New Pricing Model Tests How Much Uber Riders Will Stomach

New Pricing Model Tests How Much Uber Riders Will Stomach
Antonio Jularić

Uber drivers have been complaining that the gap between the fare a rider pays and what the driver receives is getting wider. After months of unsatisfying answers, Uber is providing an explanation: It’s charging some passengers more because it needs the extra cash, according to Bloomberg.

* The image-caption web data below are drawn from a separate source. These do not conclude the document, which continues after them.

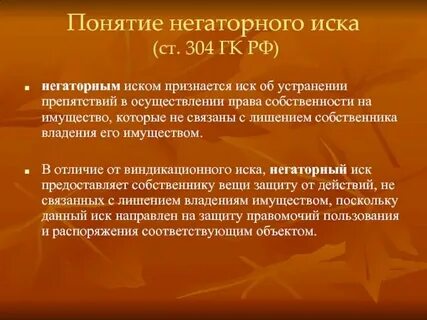 Негаторный иск сервитут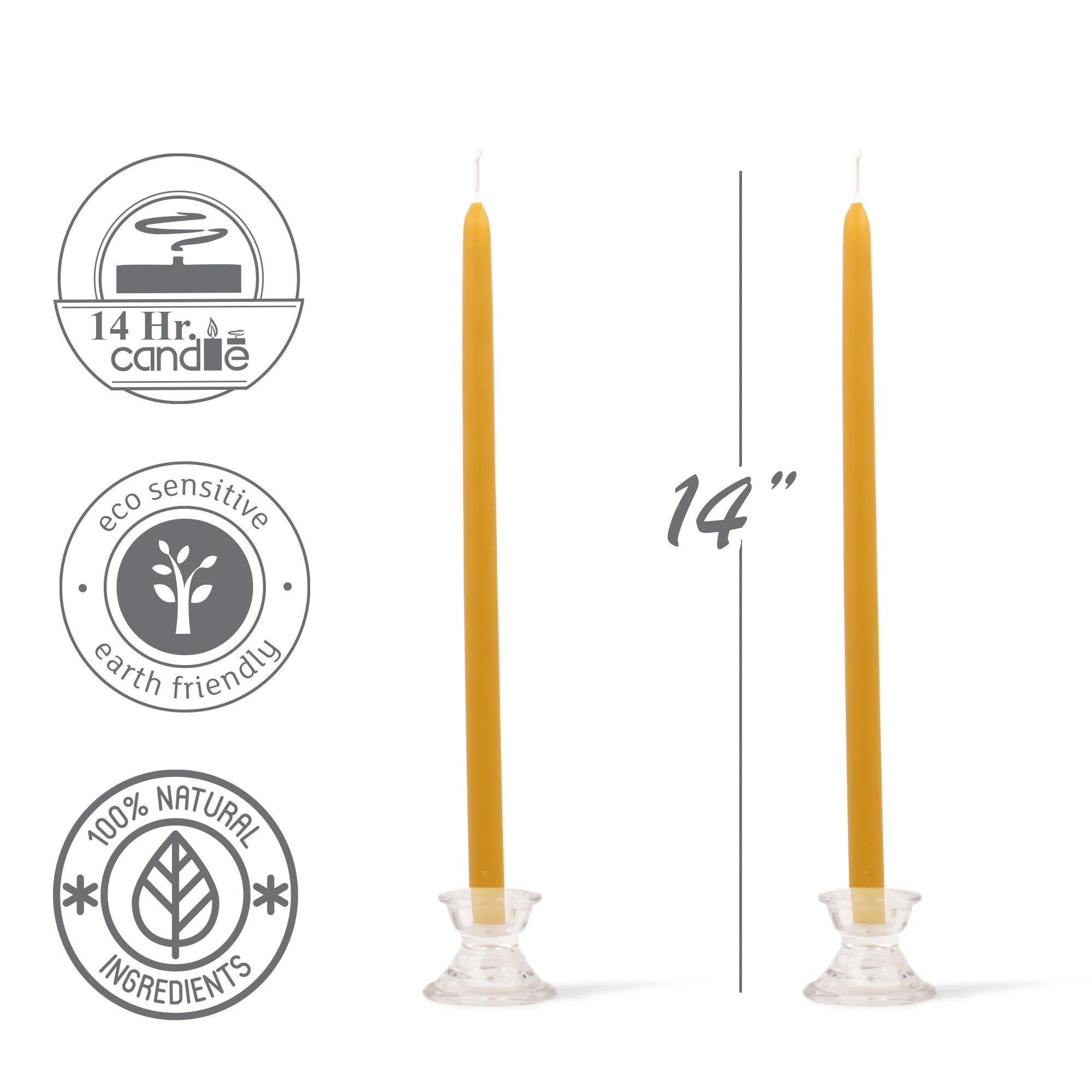 14 Inch - Handmade All Natural Beeswax Taper Candles - Honey Scent 4 Pack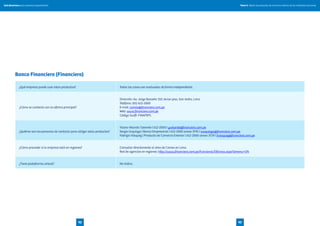 Tomo II. Oferta de productos de comercio exterior de las entidades bancariasGuía financiera para empresas exportadoras
9392
Banco Financiero (Financiero)
¿Qué empresa puede usar estos productos? Todos los casos son evaluados de forma independiente.
¿Cómo se contacta con la oficina principal?
Dirección: Av. Jorge Basadre 310, tercer piso, San Isidro, Lima
Teléfono: (01) 612-2000
E-mail: comex@financiero.com.pe
Web: www.financiero.com.pe
Código Swift: FINAPEPL
¿Quiénes son las personas de contacto para utilizar estos productos?
Yliana Velarde | Gerente | 612-2000 | yvelarde@financiero.com.pe
Sergio Urquiaga | Banca Empresarial | 612-2000 anexo 3795 | surquiaga@financiero.com.pe
Fabrizio Vásquez | Producto de Comercio Exterior | 612-2000 anexo 3729 | fvasquez@financiero.com.pe
¿Cómo proceder si la empresa está en regiones? Consultar directamente al área de Comex en Lima.
Red de agencias en regiones: http://www.financiero.com.pe/Funcional/Oficinas.aspx?idmenu=574
¿Tiene plataforma virtual? No indica.
 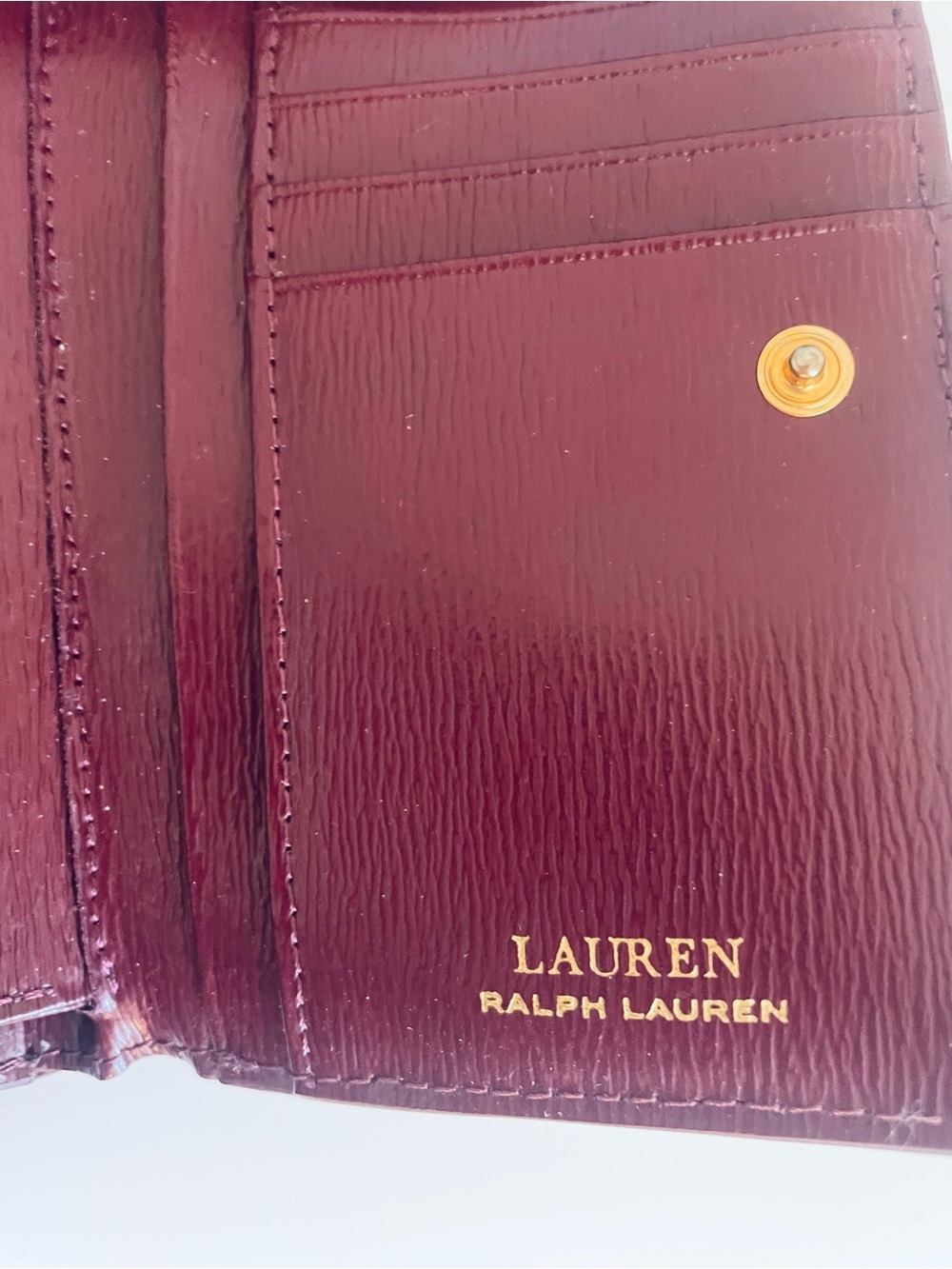 Ralph Lauren Wine Leather Wallet with Gold Hardware - Picture 4 of 6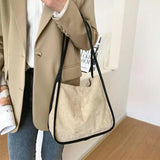 Corduroy Shoulder Shopping Bag Reusable Casual Tote Large Capacity Female Handba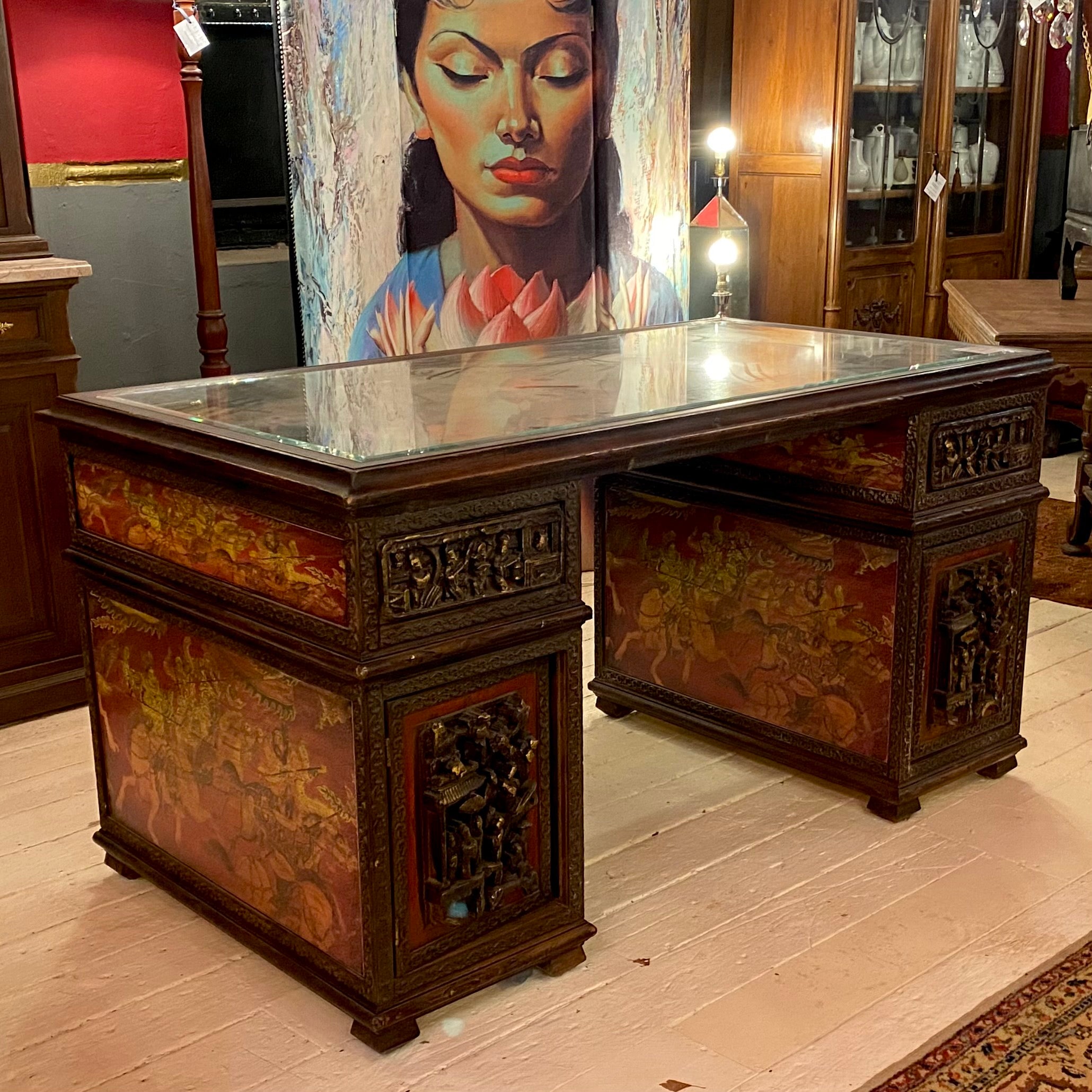 Carved Wood Indonesian Partners Desk with Beveled Glass Top - SOLD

The company detailed for the first time in an interview with Bloomberg a new pricing system that’s been in testing for months in certain cities. Yesterday, Uber acknowledged to drivers the discrepancy between their compensation and what riders pay. The new fare system is called “route-based pricing,“ and it charges customers based on what it predicts they’re willing to pay. It’s a break from the past, when Uber calculated fares using a combination of mileage, time and multipliers based on geographic demand.

Daniel Graf, Uber’s head of product, said the company applies machine-learning techniques to estimate how much groups of customers are willing to shell out for a ride. Uber calculates riders’ propensity for paying a higher price for a particular route at a certain time of day. For instance, someone traveling from a wealthy neighborhood to another tony spot might be asked to pay more than another person heading to a poorer part of town, even if demand, traffic and distance are the same.

The change stems from a feature Uber introduced last year called upfront pricing. By guaranteeing customers a certain fare before they book, the company said it provides more transparency. But it hadn’t previously said how Uber was estimating those prices and continued paying drivers using the old model. Uber will start reporting the price a passenger pays on each ride, though it will stop breaking out the percentage they take of the fare. The company will also send drivers an updated terms of service agreement reflecting the new fee system.

The difference between the calculations of rider fares and driver pay could be the future of Uber’s business. The company said it pockets what’s leftover and could parlay this mathematical framework into moving closer to profitability. In the process, pricing became something of a black box for passengers and another source of tension with drivers. Drivers accused Uber of cutting them out of income they were entitled to and misleading them about what the company was up to.